I have written and shared a set of scripts that simply make the use of a bunch of APIs a lot easier, with better documented actions, and fully consistent within the organization. I have shared with the community these scripts in the past, and I keep them updated as per needs change. All these “CS” scripts are available under the download section on the right column.

Current version of the CS scripts is more like a toolset. You treat them as a whole. All of them call some other script that exists within the cs_internal subdirectory, then I usually navigate to the parent sql directory, and connect into SQL*Plus from there. All these scripts can be easily cloned and/or customized to your specific needs. They are available as “free to use” and “as is”. There is no requirement to keep their heading intact, so you can reverse-engineer them and make them your own if you want. Just keep in mind that I maintain, enhance, and extend this CS toolset every single day; so what you get today is a subset of what you will get tomorrow.
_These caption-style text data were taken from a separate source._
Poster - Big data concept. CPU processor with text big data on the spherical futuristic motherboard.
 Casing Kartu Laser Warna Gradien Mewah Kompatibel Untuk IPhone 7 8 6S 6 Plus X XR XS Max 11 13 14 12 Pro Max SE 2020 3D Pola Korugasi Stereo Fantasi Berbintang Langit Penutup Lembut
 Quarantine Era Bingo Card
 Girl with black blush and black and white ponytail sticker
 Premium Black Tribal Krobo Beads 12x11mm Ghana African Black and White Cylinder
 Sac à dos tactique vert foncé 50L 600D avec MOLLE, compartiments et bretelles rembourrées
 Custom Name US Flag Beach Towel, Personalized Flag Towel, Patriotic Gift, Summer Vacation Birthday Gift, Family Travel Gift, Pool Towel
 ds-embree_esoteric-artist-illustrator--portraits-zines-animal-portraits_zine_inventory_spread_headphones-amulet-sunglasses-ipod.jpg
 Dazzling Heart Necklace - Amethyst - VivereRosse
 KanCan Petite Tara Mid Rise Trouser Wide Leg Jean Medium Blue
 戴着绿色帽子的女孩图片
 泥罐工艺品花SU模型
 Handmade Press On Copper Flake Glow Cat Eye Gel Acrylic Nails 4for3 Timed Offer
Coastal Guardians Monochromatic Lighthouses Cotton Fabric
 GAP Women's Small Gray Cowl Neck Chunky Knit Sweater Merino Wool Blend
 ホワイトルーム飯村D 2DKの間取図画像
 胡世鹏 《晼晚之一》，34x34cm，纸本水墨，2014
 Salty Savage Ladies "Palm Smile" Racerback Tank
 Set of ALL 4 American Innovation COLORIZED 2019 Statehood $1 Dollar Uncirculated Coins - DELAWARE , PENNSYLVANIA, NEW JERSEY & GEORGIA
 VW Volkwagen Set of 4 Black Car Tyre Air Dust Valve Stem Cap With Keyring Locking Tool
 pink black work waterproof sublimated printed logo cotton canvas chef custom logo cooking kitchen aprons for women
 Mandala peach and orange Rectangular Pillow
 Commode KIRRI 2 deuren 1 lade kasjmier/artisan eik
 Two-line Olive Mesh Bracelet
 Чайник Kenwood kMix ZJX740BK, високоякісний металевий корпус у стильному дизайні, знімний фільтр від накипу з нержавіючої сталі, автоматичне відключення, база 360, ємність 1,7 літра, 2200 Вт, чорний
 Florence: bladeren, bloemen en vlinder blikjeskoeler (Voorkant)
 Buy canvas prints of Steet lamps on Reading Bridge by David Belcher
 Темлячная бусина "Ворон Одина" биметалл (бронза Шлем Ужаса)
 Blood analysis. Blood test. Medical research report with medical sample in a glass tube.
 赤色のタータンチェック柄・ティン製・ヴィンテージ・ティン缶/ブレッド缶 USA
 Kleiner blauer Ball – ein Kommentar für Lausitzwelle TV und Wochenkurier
If you think an enhancement you need (or a fix) is beneficial to the larger community (and to you), please let me know.

SQL Plan Baselines scripts

With the set of SQL Plan Baselines scripts, you can: 1) create a baseline based on a cursor or a plan stored into AWR; 2) enable and disable baselines; 3) drop baselines; 4) store them into a local staging table; 5) restore them from their local staging table; 6) promote as “fixed” or demote from “fixed”; 7) “zap” them if you have installed “El Zapper” (iod_spm).

Note: “El Zapper” is a PL/SQL package that extends the functionality of SQL Plan Management by automagically creating SQL Plan Baselines based on proven performance of a SQL statement over time, while considering a large number of executions, and a variety of historical plans. Please do not confuse “El Zapper” with auto-evolve of SPM. They are based on two very distinct premises. “El Zapper” also monitors the performance of active SQL Plan Baselines, and during an observation window it may disable a SQL Plan Baseline, if such plan no longer performs as “promised” (according to some thresholds). Most applications do not need “El Zapper”, since the use of SQL Plan Management should be more of an exception than a rule.

SQL Profiles scripts

With the set of SQL Profiles scripts, you can: 1) create a profile based on the outline of a cursor, or from a plan stored into AWR; 2) enable and disable profiles; 3) drop profiles; 4) store them into a local staging table; 5) restore them from their local staging table; 6) transfer them from one location to another (very similar to coe_xfr_sql_profile.sql, but on a more modular way).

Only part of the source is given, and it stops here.